[PATCH 1/5] sched: fix capacity calculations for SMT4

Wed Jun 2 08:52:50 EST 2010

* Peter Zijlstra <peterz at infradead.org> [2010-05-31 10:33:16]:

> On Fri, 2010-04-16 at 15:58 +0200, Peter Zijlstra wrote:
> > 
> > 
> > Hrmm, my brain seems muddled but I might have another solution, let me
> > ponder this for a bit..
> > 
> 
> Right, so the thing I was thinking about is taking the group capacity
> into account when determining the capacity for a single cpu.
> 
> Say the group contains all the SMT siblings, then use the group capacity
> (usually larger than 1024) and then distribute the capacity over the
> group members, preferring CPUs with higher individual cpu_power over
> those with less.
> 
> So suppose you've got 4 siblings with cpu_power=294 each, then we assign
> capacity 1 to the first member, and the remaining 153 is insufficient,
> and thus we stop and the rest lives with 0 capacity.
> 
> Now take the example that the first sibling would be running a heavy RT
> load, and its cpu_power would be reduced to say, 50, then we still got
> nearly 933 left over the others, which is still sufficient for one
> capacity, but because the first sibling is low, we'll assign it 0 and
> instead assign 1 to the second, again, leaving the third and fourth 0.

Hi Peter,

Thanks for the suggestion.

> If the group were a core group, the total would be much higher and we'd
> likely end up assigning 1 to each before we'd run out of capacity.

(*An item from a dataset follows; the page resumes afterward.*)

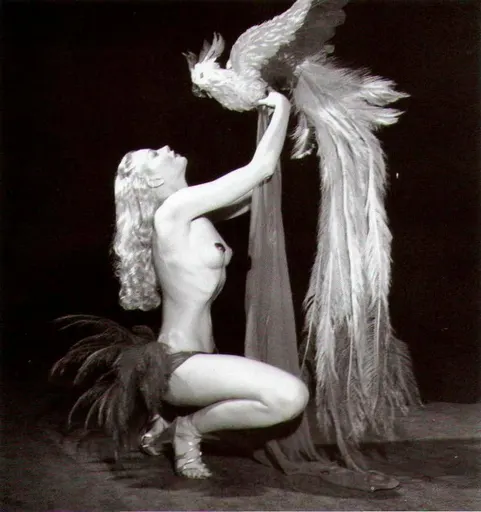 Lili St. Cyr 사용자 등록 사진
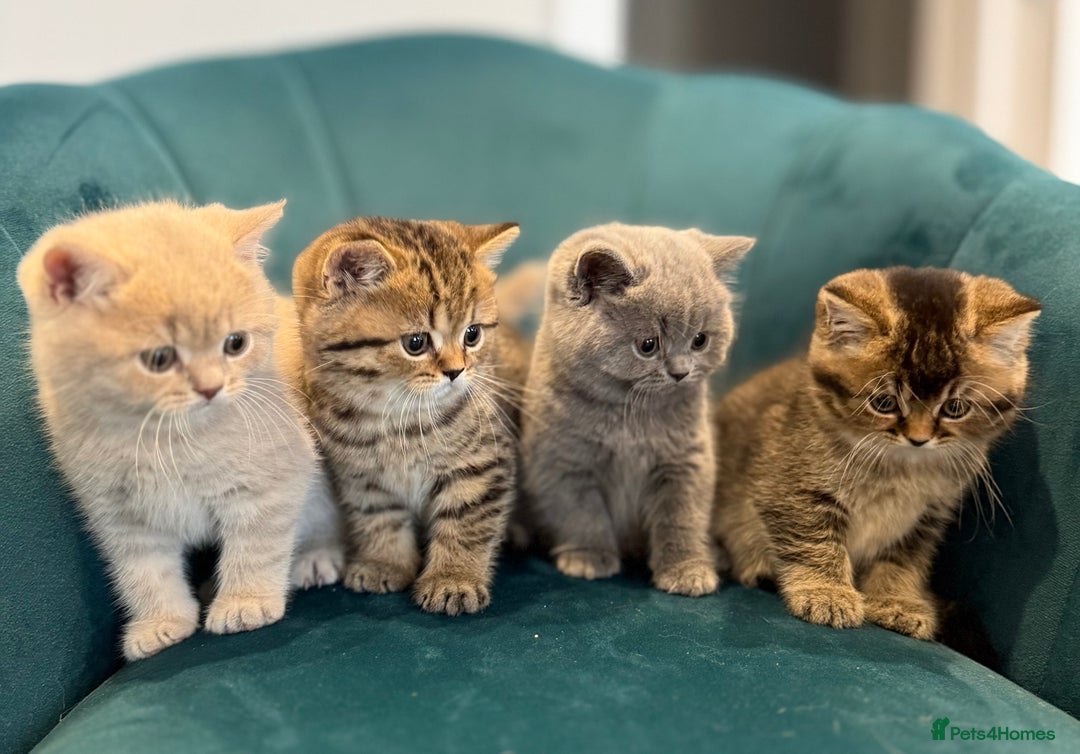 British Shorthair cats for sale: British Shorthair GCCF Pedigree Champion Kittens ✨ - Image 1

This is a tricky case because we are depending upon the
DIV_ROUND_CLOSEST to decide whether to flag capacity to 0 or 1.  We
will not have any task movement until capacity is depleted to quite
low value due to RT task.  Having a threshold to flag 0/1 instead of
DIV_ROUND_CLOSEST just like you have suggested in the power savings
case may help here as well to move tasks to other idle cores.

> For power savings, we can lower the threshold and maybe use the maximal
> individual cpu_power in the group to base 1 capacity from.
> 
> So, suppose the second example, where sibling0 has 50 and the others
> have 294, you'd end up with a capacity distribution of: {0,1,1,1}.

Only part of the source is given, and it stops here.